International Journal of Molecular Sciences ◽

10.3390/ijms22083913 ◽

2021 ◽

Vol 22 (8) ◽

pp. 3913

Author(s):

Satoshi Nakata ◽

Ming Yuan ◽

Jeffrey A. Rubens ◽

Ulf D. Kahlert ◽

Jarek Maciaczyk ◽

...

Keyword(s):

Stem Cells ◽

Neural Stem Cells ◽

Tandem Duplication ◽

Target Genes ◽

Cellular Growth ◽

Central Nervous System Tumor ◽

Internal Tandem Duplication ◽

Invasion And Migration ◽

Human Neural Stem Cells ◽

And Migration

Central nervous system tumor with BCL6-corepressor internal tandem duplication (CNS-BCOR ITD) is a malignant entity characterized by recurrent alterations in exon 15 encoding the essential binding domain for the polycomb repressive complex (PRC). In contrast to deletion or truncating mutations seen in other tumors, BCOR expression is upregulated in CNS-BCOR ITD, and a distinct oncogenic mechanism has been suggested.
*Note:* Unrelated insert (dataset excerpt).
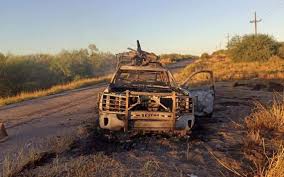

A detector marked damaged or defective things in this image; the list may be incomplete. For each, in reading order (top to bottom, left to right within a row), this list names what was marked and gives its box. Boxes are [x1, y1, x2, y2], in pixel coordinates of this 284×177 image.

charred vehicle [97, 41, 213, 134]
second burned vehicle [97, 41, 213, 135]
burned pickup truck [97, 41, 213, 135]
However, the effects of this change on the biology of neuroepithelial cells is poorly understood. In this study, we introduced either wildtype BCOR or BCOR-ITD into human and murine neural stem cells and analyzed them with quantitative RT-PCR and RNA-sequencing, as well as growth, clonogenicity, and invasion assays. In human cells, BCOR-ITD promoted derepression of PRC2-target genes compared to wildtype BCOR. A similar effect was found in clinical specimens from previous studies. However, no growth advantage was seen in the human neural stem cells expressing BCOR-ITD, and long-term models could not be established. In the murine cells, both wildtype BCOR and BCOR-ITD overexpression affected cellular differentiation and histone methylation, but only BCOR-ITD increased cellular growth, invasion, and migration. BCOR-ITD overexpression drives transcriptional changes, possibly due to altered PRC function, and contributes to the oncogenic transformation of neural precursors.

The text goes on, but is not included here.